— Information given —
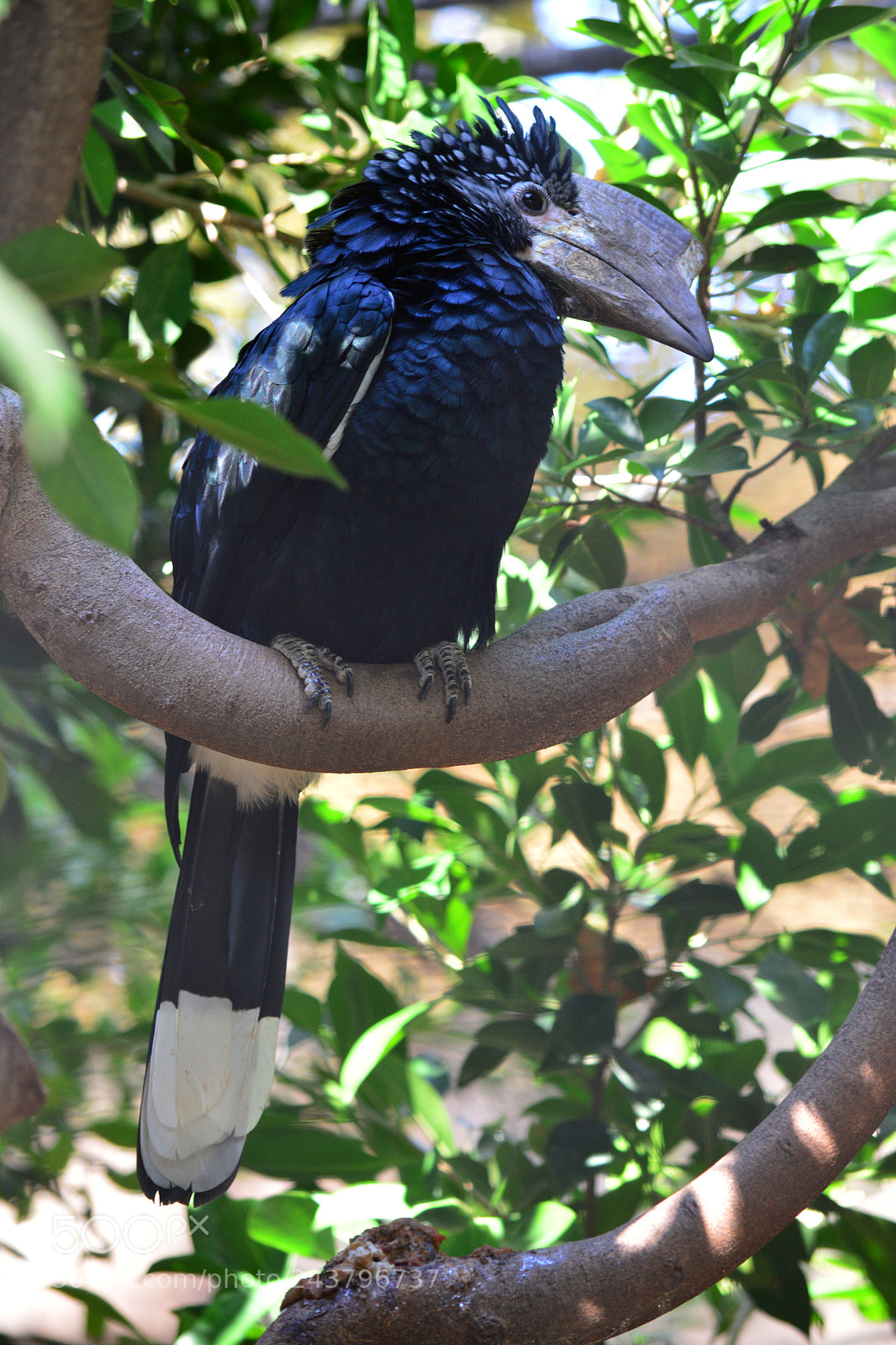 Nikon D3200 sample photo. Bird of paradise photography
* * *
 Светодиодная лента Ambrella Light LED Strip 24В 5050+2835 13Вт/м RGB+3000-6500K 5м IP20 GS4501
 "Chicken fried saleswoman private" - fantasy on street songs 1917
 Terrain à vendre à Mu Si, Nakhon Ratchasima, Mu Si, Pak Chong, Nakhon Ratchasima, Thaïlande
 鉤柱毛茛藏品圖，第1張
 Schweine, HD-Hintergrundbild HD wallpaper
---
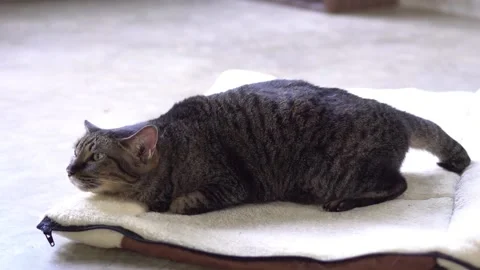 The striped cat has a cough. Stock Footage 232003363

— Work instruction —
Output the lines of the records above exactly as they appear, from the line containing "Светодиодная лента Ambrella" through the line containing "Schweine, HD-Hintergrundbild HD wallpaper".

— Response —
 Светодиодная лента Ambrella Light LED Strip 24В 5050+2835 13Вт/м RGB+3000-6500K 5м IP20 GS4501
 "Chicken fried saleswoman private" - fantasy on street songs 1917
 Terrain à vendre à Mu Si, Nakhon Ratchasima, Mu Si, Pak Chong, Nakhon Ratchasima, Thaïlande
 鉤柱毛茛藏品圖，第1張
 Schweine, HD-Hintergrundbild HD wallpaper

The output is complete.